Indian two-wheeler market has been seeing a lot of action, and much more threatens to unfold in the coming months. Various manufacturers have a bevy of launches lined up in the premium segment, and the biking scenario is getting tougher by each passing day. Lower down the hierarchy, Honda has been clawing into the commuter segment with its Dream Yuga and Dream Neo models, but Bajaj isn’t far behind with its Discover 100T model.
In this backdrop, we felt it was imperative to pay special attention to a manufacturer that has a strong legacy behind it but has been losing steam as of late. We are talking about India’s largest two-wheeler manufacturer, Hero Motocorp.
In its eventful 30 year existence, it is probably facing its toughest time now. Its partner Honda severed ties some time back, and since then, the Jap has been on a killing spree. It inaugurated a new plant a few days back and has set its eyes on becoming the leading 2-wheeler maker in India by 2015-16.
In this write-up, we focus our crosshairs on Hero Motocorp as it has a sizeable fan following among our readers. It has not had any new launch in the last few months, and the anxiety of their customers is growing.
We bring you a detailed analysis of what is brewing for India’s largest two-wheeler maker.
Hero has quite a few aces up its sleeve.
- A humongous business valued at 23,768 Crores.

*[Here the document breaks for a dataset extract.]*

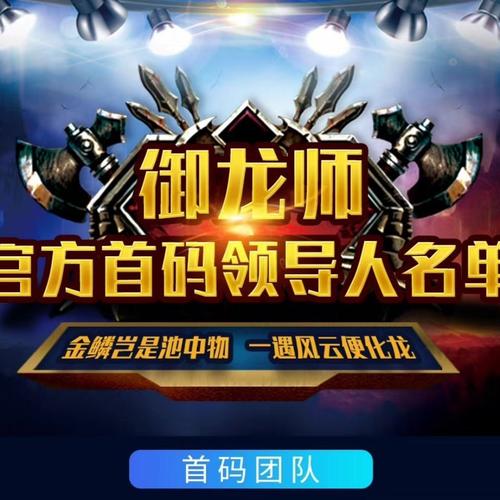 御龙师合成赚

- A market leading share of 48%
- The pride of being the most trusted name in commuter/entry-level bikes
- A broad dealership-cum-service network which, surprisingly, exceeds the reach of all its competitors combined
ODDS STARING IN THE FACE:-
But life is not going to be a bed of roses for Hero Motocorp in the coming months. Here’s why :-
- Its much-vaunted dealership-cum-service network was built with the assistance of Honda, which has parted ways and is baying for Hero’s blood in the commuter segment. With the loss of Honda, Hero also has to bid goodbye to Honda’s technology in 2014. Whether Hero will be able to forge its own reliable engines or not, that time alone can tell.
- Hero’s sales have been sliding, both in the entry-level as well as premium segments. It is under a two-pronged attack, with Honda slashing at it from below in the commuter area and Bajaj also taking a hit at it from above with Pulsar in the premium segment.

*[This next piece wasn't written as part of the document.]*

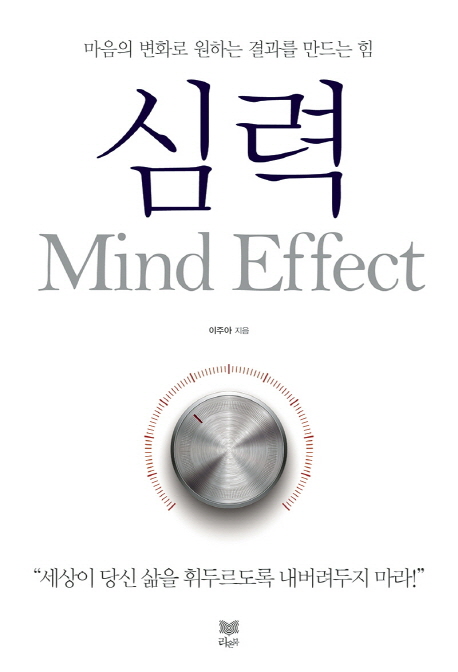 심력 Mind Effect - 마음의 변화로 원하는 결과를 만드는 힘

- If the fall in sales was not enough, there has also been a general increase in operating costs with a rise in the input material prices. It doesn’t come as a surprise that Hero’s stock has fallen by 3.4%
- Its life post the partition from Honda has been pricey, with the rebranding exercise having grabbed a huge chunk of its expenses.
- To make matters worse for the corporation, there is the widespread notion that Hero is just capable of playing around with small entry-level bikes. It isn’t just perceived as a premium bike maker.
THE WAY FORWARD:-
Nevertheless, Pawan Munjal, MD & CEO of Hero Motocorp, has a turnaround plan in the offing. Here’s the broad outline.

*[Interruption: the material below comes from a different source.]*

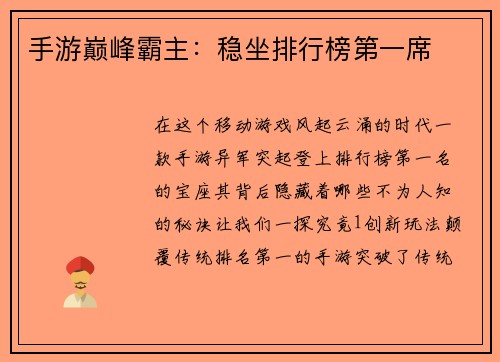 手游巅峰霸主：稳坐排行榜第一席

- EXPORT PUSH-One of the clauses of the Honda pact was that Hero will not walk around in those foreign markets where Honda was present. Well, it just about meant the whole world as Honda has a sizeable footprint. Now that the ties are broken, Mr. Munjal has set his eyes on pushing sales through the export route. A shortlist of 30 countries has been prepared where Hero thinks they might get an easy head-start. We had reported about its foray in Central America with Indy Motos Group here.
- SELF-SUFFICIENCY IN TECHNOLOGY-Come 2014, and Hero will lose its grasp over Honda’s ricey-sounding mills. With an eye on that, India’s largest R&D centre has been set up in Kukas, Rajasthan to stoke innovation and fuel growth. It has also linked partnerships with Engines Engineering of Italy for designs and with AVL of Austria as well for engines. The pact with Erik Buell Racing of the US for premium bikes is well known by now, with Karizma fans warming their heels for a bigger Hero bike.
- BRAND REPOSITIONING-Splendor and Passion have been the workhorses of Hero, having cornered a lion’s share of the entry level market as well as a huge fan following. However, they have become a bane for Hero as well. Somehow, these two bikes have become the face of Hero. People widely perceive it to be incapable of handling the premium segment. To fend off this challenge, Hero is looking forward to launching newer bikes with its own technology. They plan to make the models more youthful and contemporary.
- A GLOBAL OUTLOOK-Despite being on a slippery slope, the corporation has its head held high. They aim to take a leaf out of Honda’s book, and are confident of emulating it. True to Honda’s identity, they also want to have a global presence with self-sufficiency in technology and a wide portfolio which will encompass lightweight scooters as well as big, rapid bikes.
Do you feel Hero will be able to script a comeback? Will it fail to do so and stay cocooned within its entry-level bubble? Do share your views on what will it take Hero to retain its dominance!